Here's one NY Times article that dealt with a UIUC grad:
For Some, Online Persona Undermines a Résumé
By ALAN FINDER
June 11, 2006
I think many college career centers wised up early on and started advising students on the value of investigating privacy settings and clearing out illicit information they wouldn't want strangers to see. Who plays this advisory role for high schoolers, though?
Facebook offers extremely detailed privacy controls, but there will always be some people who just don't think before they add things and leave them open for everyone to find.
FYI, the NY Times article I linked to has some outdated information about Facebook... it is much easier to search without having a profile and much easier to restrict who can see your profile now than it was in summer 2006.
Also, anyone can sign up, not just college students. But the college networks are still a big part of how it works.
Adults have gotten fired for blogging, college kids have been busted for their MySpace/Facebook pics, so it's not surprising to see it trickling down to the high school level -- and yes, one of the interesting (i.e. juicier? ha!) points is definitely the fact that a peer must have told an authority figure!

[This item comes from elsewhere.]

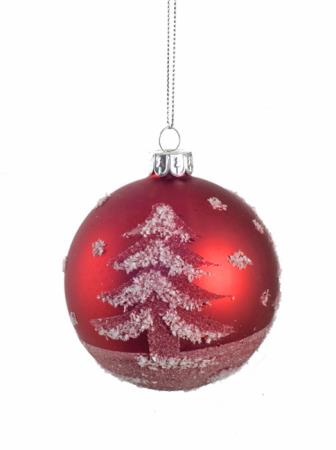 Χριστουγεννιάτικη Μπάλα Κόκκινη Δέντρο Τρούφα 10cm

There's this article in NY Magazine on Kids, the Internet, and the End of Privacy", which makes me think younger people (and some adults) will learn by example and adapt to be more selective/secretive when it comes to things like this. In the long term, however, I am wondering if some notions of privacy for school and work will change once today's youth grow up and become authority figures and part of the work force.
At the middle school where I teach, we have a police liason officer who spends three days a week at our school. Two years ago she began spending time on MySpace and Facebook searching for any of our students. She has found that some of our students have created pages that contain pictures and content that could put them at risk to others (predators) and has contacted parents to warn them. It is very apparent how little parents are aware of what their child does on the computer. Even those who do can't stop some of the unwanted attention from others. Our Technology Assistant discovered this summer that her daughter had been carrying on conversations with an unknown man. We have made it one of our goals to provide more education about Internet safety for parents and students. Do any of you know of programs you would recommend for this type of education?
Oh, that reminds me of another good article I read: Controlling Your Public Appearance. I don't agree with all of the advice, but I think it's a good strategy.
Like it or not, information about each of us is going to show up somewhere on the web sooner or later. It's much better to be aware of the most likely culprits and learn how to control it than to freak out or assume no one will notice.
I think attitudes toward privacy are going to be one of the few true generational divides on the web. Most adults are used to the idea of phonebooks, but searching your phone number on google and getting your name seems like a very different thing. A lot of this will continue to come down to privacy settings and how you use them, though. If websites don't finesse them, people are drawn to other places that do.
For instance, I disagree about making your facebook profile unsearchable when it's so easy to lock it down until people can't see any details beyond your name. Facebook can be a great way to connect with people you know, but it's best to check out the networks & privacy settings before you add really personal stuff.
I do think the story is interesting, and perhaps this is naive, but isnt it possible that a teacher or parent searching through Facebook received this info? Re: parents Kids frequently leave things open on their desktop while otherwise distracted or multi-tasking.
In regard to the consequences, the same result COULD have occurred had someone distributed party photos. Granted, facebook and My Space expose not just your photos, but all your freinds' as well- a much bigger scope or web of implication.
It is really imperative that users of social networks use the privacy settings available.